Interview with Bonnie Tsui: ‘American Chinatown’
Travel Interviews: Jenna Schnuer talks to the author of a new book about American Chinatowns and why "broken Chinese is the mark of being Chinese American"
10.07.09 | 10:07 AM ET
There has always been a Chinatown in Bonnie Tsuis life. Though she was raised on New York’s Long Island, Tsui writes in her book, American Chinatown: A People’s History of Five Neighborhoods, that it was Manhattan’s Chinatown where her family went “to be Chinese.”
After moving to San Francisco in 2003, Tsui realized that, though the neighborhood’s name was the same, the Chinatown of her new home city had little to do with the one she had left behind. And, with that, she decided it was time to find out what makes a Chinatown.
For “American Chinatown” Tsui explored the people, history and culture of Chinatown neighborhoods in five U.S. cities—San Francisco, New York, Los Angeles, Honolulu and Las Vegas. I asked her about it via email.
World Hum: Since visits to Chinatown have always been part of your life, what was it like to look at the neighborhoods in a new way? Did you enjoy it?
Bonnie Tsui: Absolutely. It was a lot of fun to turn a reportorial eye to a place and a people who don’t usually get much in-depth investigation. People were very surprised that I was interested in their stories, and little by little, they really opened up. Many had never thought about their Chinatown experiences in any serious way, and I think they felt liberated by the chance to remove themselves a bit from the day-to-day, and talk about how they feel about their lives there.
In the book you make it clear that there are big differences in the personalities of different Chinatown neighborhoods around the U.S. Did that surprise you? What differences stood out for you?
I knew that there had to be differences in personality; what they were exactly I didn’t know until I started exploring the neighborhoods more thoroughly. For me, the founding stories—the backstory behind each place—were the most fascinating: how each community came to be what it is today, and how those currents still influence the neighborhood.
I was amazed to find that L.A.s Chinatown, for example, had been formed so directly with influence from Hollywood. For instance, one incarnation of Chinatown had film sets lifted from The Good Earth, built by engineers and construction guys from the Paramount lot. And the ideas put forth by those movies influenced how the Chinese Americans in the neighborhood were perceived by the larger society around them.
Beyond the five you write about, where are some of the most surprising Chinatown neighborhoods in America? Any you haven’t visited yet that are high on your must-get-there list?
Some of the most surprising Chinatowns are the frontier communities of the railroad era that are no longer populated but have great historic value: Locke, Weaverville, Riverside, Woolen Mills in San Jose. There were also a number of underground Chinatowns in the West, with elaborate passageways and tunnels to hide the Chinese from hostile outsiders. Oklahoma City’s underground Chinatown was discovered during a 1969 excavation to build a convention center.
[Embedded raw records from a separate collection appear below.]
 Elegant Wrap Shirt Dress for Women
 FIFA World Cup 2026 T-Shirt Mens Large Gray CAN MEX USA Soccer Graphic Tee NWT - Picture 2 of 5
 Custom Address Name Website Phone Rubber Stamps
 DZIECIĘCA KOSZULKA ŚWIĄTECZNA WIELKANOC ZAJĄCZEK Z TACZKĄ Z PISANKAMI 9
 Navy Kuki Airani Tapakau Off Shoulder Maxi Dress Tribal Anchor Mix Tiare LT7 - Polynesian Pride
I’d love to poke around some of these sites, but they certainly have a different feeling than a vibrant living community, which is what I find the most interesting.
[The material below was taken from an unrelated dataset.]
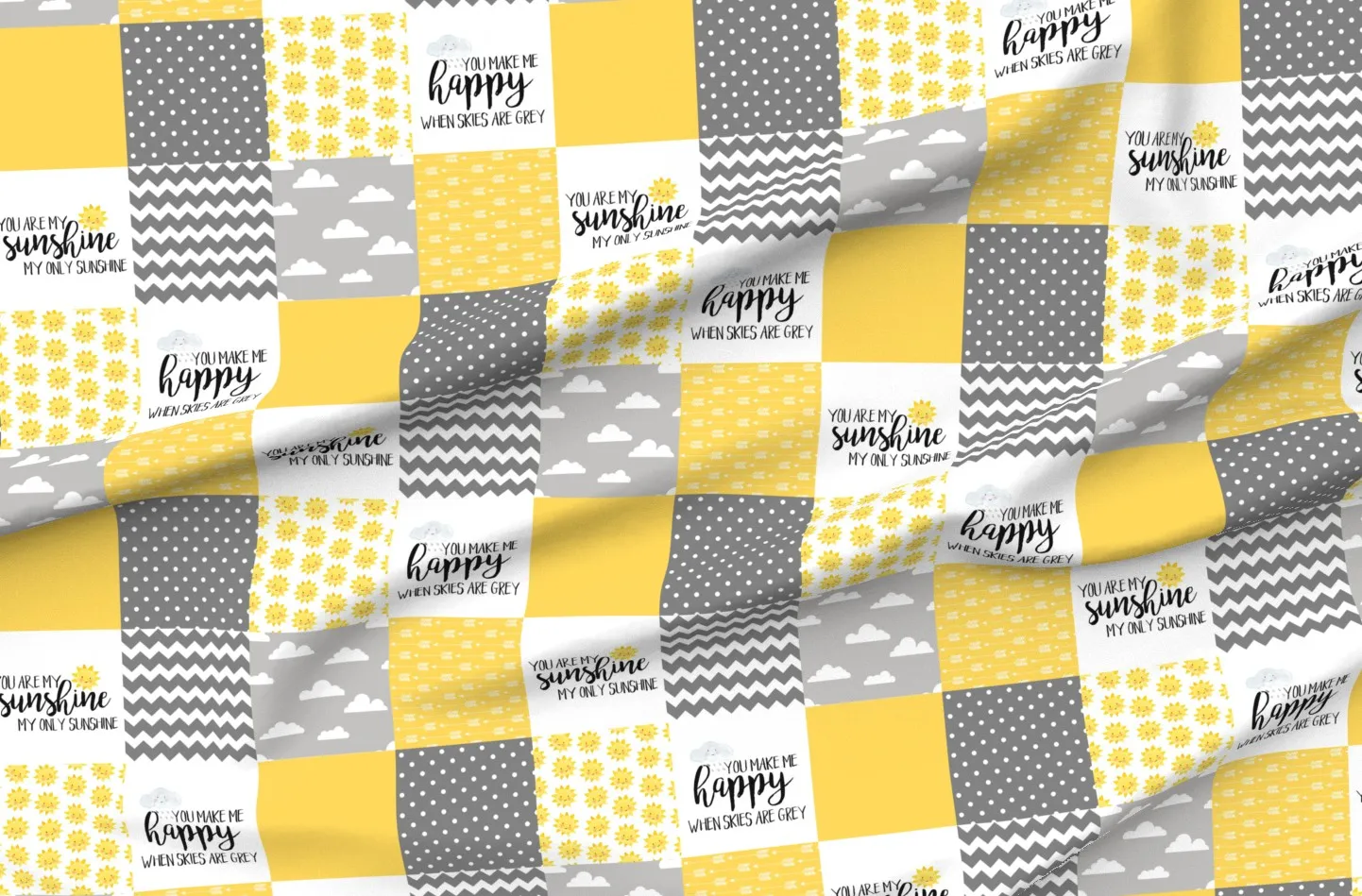You Are My Sunshine Wholecloth Cheater Quilt Fabric - Yellow, Gray product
Who are some of the most unforgettable people you met while reporting the book?
I loved talking to the kids the most—they were so honest and straight-up with their commentary on living in Chinatown. Some of the most compelling moments in the book come with teenagers: one boy told me that his parents always talk to him in Chinese even though he talks back to them in English—he says that “broken English is a mark of a new immigrant, but broken Chinese is the mark of being Chinese American.” That characterization was really poignant for me—that it should be less a mark of shame than a signifier of a reality and an identity that isn’t really being understood by the older generations.
One girl, Rosa, showed me the tiny single-room occupancy apartment that she lived in as a kid growing up in San Francisco’s Chinatown; this was an 8-foot-by-10-foot room she shared with her parents and sister. Appallingly cramped conditions, but this is the reality for many residents of Chinatown.
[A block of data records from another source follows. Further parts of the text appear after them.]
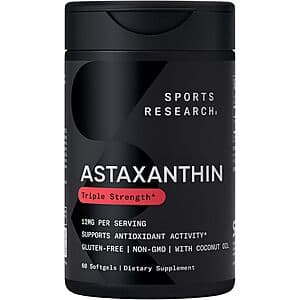 Bottle of Sports Research 12mg Triple Strength Astaxanthin Softgels, 60-count softgel capsules in clear packaging.
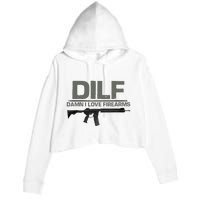 DILF Damn I Love Firearms Funny Crop Fleece Hoodie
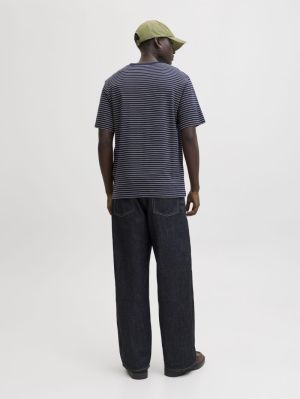 JJEDOVER STRIPED TEE SS CREW NECK S N 175876 Navy Bla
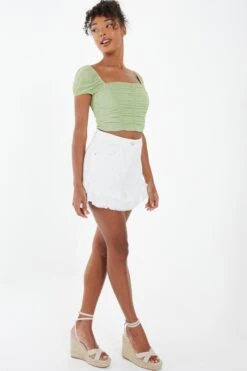 Sage Mesh Crop Top 11 Sage Mesh Crop Top -Chic Summer Shop 00100037890 XS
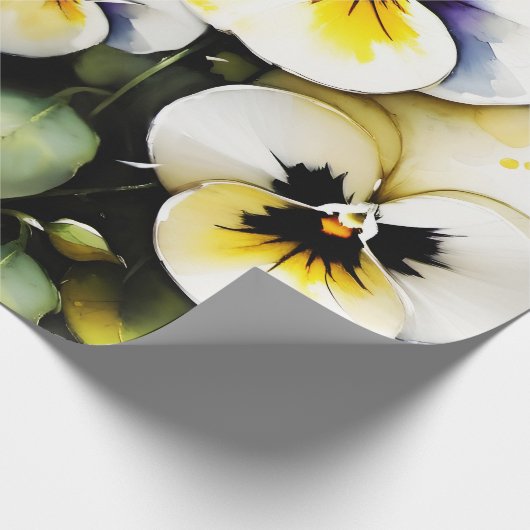 Hübsche Stiefmütterchen Aquarellmalerei Geschenkpapier (Ecke)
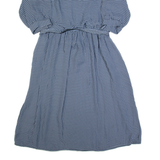IN THE MOOD Womens A-Line Dress Blue 90s Check Long M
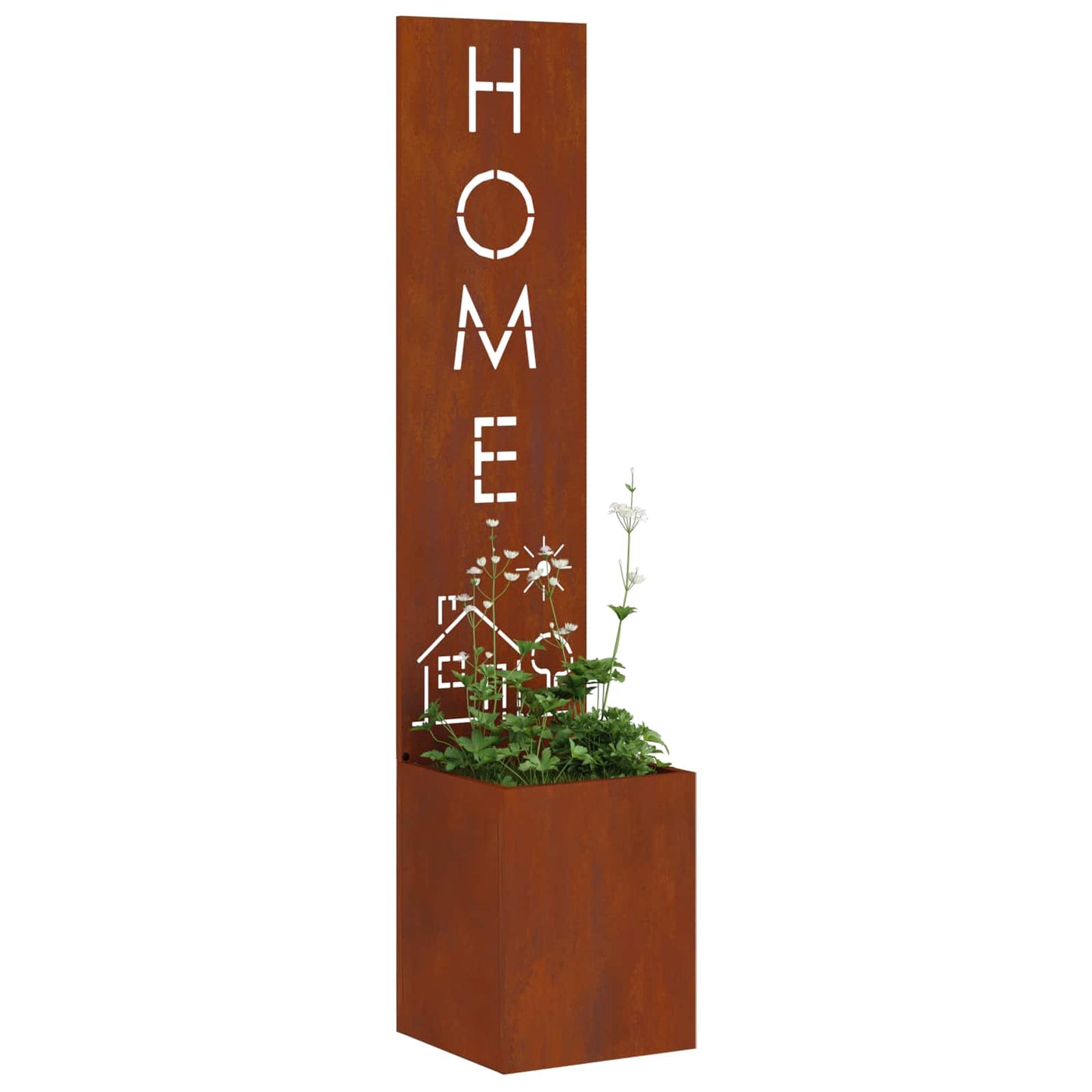 Garden Privacy Screen Rusty 32 x 32 x 150 cm Weathering steel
What do you think is the future of Chinatown neighborhoods in America? Continued growth? New ones popping up?
I think the future of Chinatown relies, as it always has, on a continuing influx of working-class Chinese immigrants with little education and little English; they come here to seek a better life, and the freedom to work and have children who will have better opportunities than they did. They also come to reunite with family members already here, a phenomenon that sociologists call chain migration. All of these factors have been feeding American Chinatowns ever since their inception; all of these things keep Chinatown vibrant and thriving with people who seek out the neighborhood to fulfill their needs.
Things are certainly changing in China, with the rise of a middle class that never existed before; people have better opportunities there than they ever did, and many have no need to come to the U.S., and certainly not through Chinatowns if they already speak English and have jobs elsewhere. But there are still vast swaths of rural poor in China, and as long as the filial network continues to bring in immigrants through Chinatown, the neighborhoods will go on, growing and changing as the population streams do.